» What the task asks: An exact repetition of the data is required; no picture should appear in it.

» Collected data:
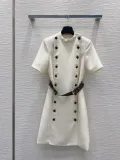 ロエベ服 LOEWE 2025新作 ドレス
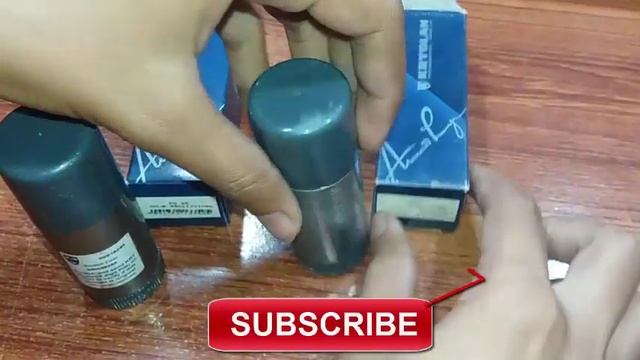 Original or Fake Kryolan TV Paint Stick Review || Kryolan TV Paint Stick Use Review Urdu/Hindi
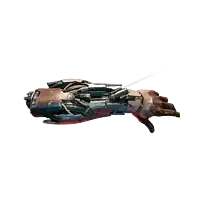 Toxic Projectile Launch System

» Exercise output:
 ロエベ服 LOEWE 2025新作 ドレス
 Original or Fake Kryolan TV Paint Stick Review || Kryolan TV Paint Stick Use Review Urdu/Hindi
 Toxic Projectile Launch System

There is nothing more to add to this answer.